* **INPUT**
· · ·

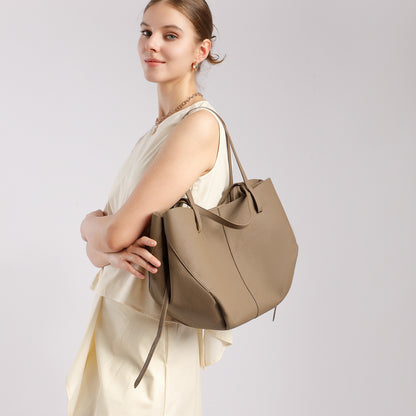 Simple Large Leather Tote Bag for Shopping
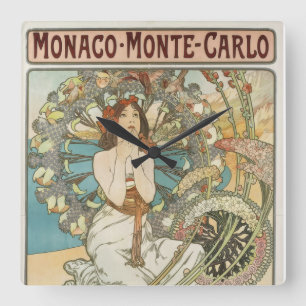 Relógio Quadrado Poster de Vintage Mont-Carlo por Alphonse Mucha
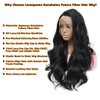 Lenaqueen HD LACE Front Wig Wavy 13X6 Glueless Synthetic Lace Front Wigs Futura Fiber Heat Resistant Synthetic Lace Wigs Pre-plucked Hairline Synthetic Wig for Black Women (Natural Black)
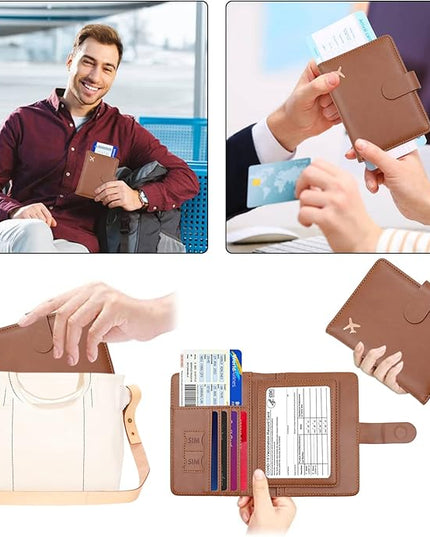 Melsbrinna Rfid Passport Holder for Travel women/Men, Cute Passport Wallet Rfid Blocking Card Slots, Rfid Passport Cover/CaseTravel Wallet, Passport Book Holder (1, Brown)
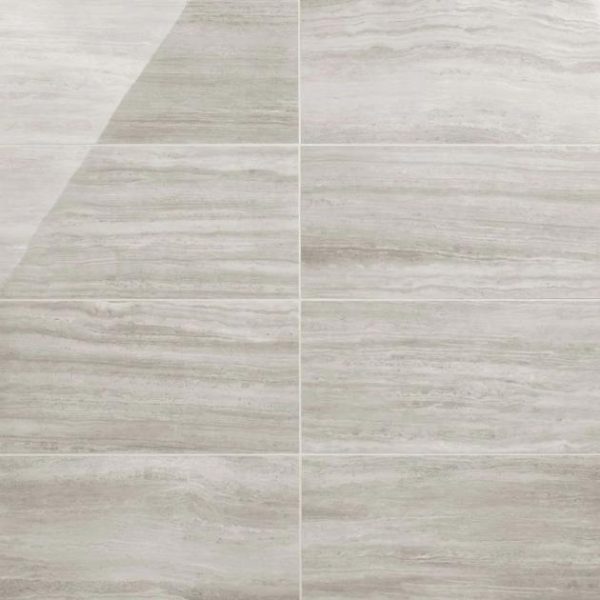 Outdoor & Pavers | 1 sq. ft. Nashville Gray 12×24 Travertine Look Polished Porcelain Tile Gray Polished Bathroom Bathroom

· · ·

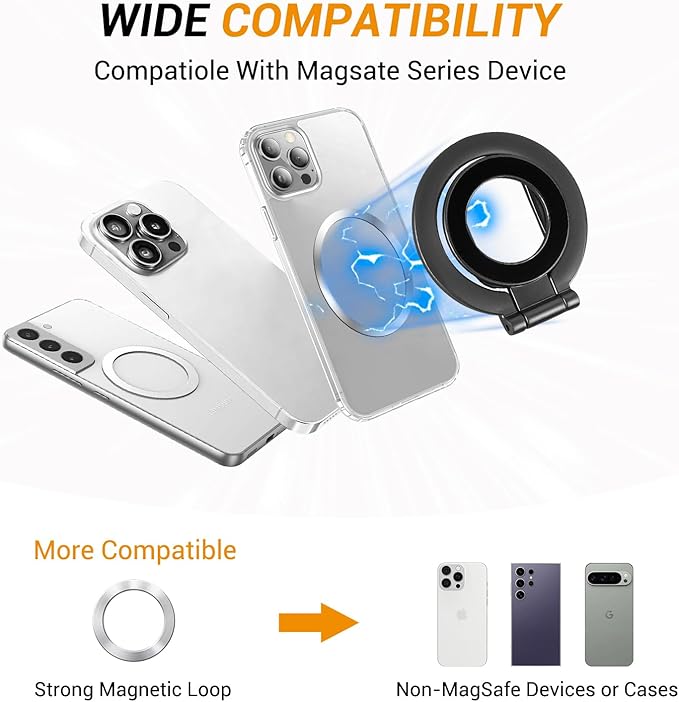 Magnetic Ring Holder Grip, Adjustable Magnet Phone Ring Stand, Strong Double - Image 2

· · ·

* **DIRECTIONS FOR THIS TASK**
Using the entries above, transcribe exactly from the line that has "Relógio Quadrado Poster" through the line that has "Lenaqueen HD LACE". Pictures are dropped.

* **EXERCISE SOLUTION**
 Relógio Quadrado Poster de Vintage Mont-Carlo por Alphonse Mucha
 Lenaqueen HD LACE Front Wig Wavy 13X6 Glueless Synthetic Lace Front Wigs Futura Fiber Heat Resistant Synthetic Lace Wigs Pre-plucked Hairline Synthetic Wig for Black Women (Natural Black)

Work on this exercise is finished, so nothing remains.